This is the place to be for all your computer hardware, peripheral and driver needs!
This is the place to be for all your computer hardware, peripheral and driver needs!
A few basic tips before jumping straight to a hardware problem. In the tech world, Occams Razor holds true. That is to say the conclusion with the fewest assumptions is likely correct (go for the simplest explanation). Sometimes a simple fix can actually solve your problem, and they present like an actual hardware issue.
First and foremost: Have you tried turning it off and back on again? No seriously, restart your computer, and in a more extreme case, fully power it off, disconnect it from power, depress the power button a few times to fully discharge power and turn it on again.

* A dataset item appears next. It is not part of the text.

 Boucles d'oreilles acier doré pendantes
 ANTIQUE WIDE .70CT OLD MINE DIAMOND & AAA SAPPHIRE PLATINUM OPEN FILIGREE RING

2) Ensure all your software is up to date, and your OS too. Ensure your GPU drivers are up to date. Do this by going into settings in windows, system preferences in macOS or your respective software center/terminal in Linux (this depends on your distro, but most commonly will be sudo apt update && sudo apt full-upgrade -y for ubuntu)
Update your GPU drivers via the Nvidia app or in AMD's adrenalin. If you use an older amd GPU it will be found in catalyst. If you use an intel GPU (either iGPU or fully dedicated) intel graphics software
3) If you are blue-screening, check the bluescreen code, particularly if you have an overclock, it may not be stable.
heres some common blue screens I ran across, this is not exhaustive:
Clock watchdog timeout: raise your vcore, or drop your overclocks on the cpu, this can occasionally be due to ram as well, so the same applies.
Page Fault in Nonpaged Area: This is due to a bad ram overclock, back it off, or raise your memory voltage/system agent, and raise your CAS latencies if applicable.
WHEA Uncorrectable Error: CPU related, raise VCORE or drop the clocks
IRQL Not Less or Equal: RAM related, back it off or raise voltage
Change the settings and reboot, change only one setting at a time.
4) If you are crashing under load, most of the time it will be a bad overclock, check your ram and cpu overclock settings in the bios as seen in step 3 or back it off on the GPU, if you have done this, reset back to stock settings in MSI afterburner, evga precision X or a tool of your choice and select default, or a setting that says similar, and click apply.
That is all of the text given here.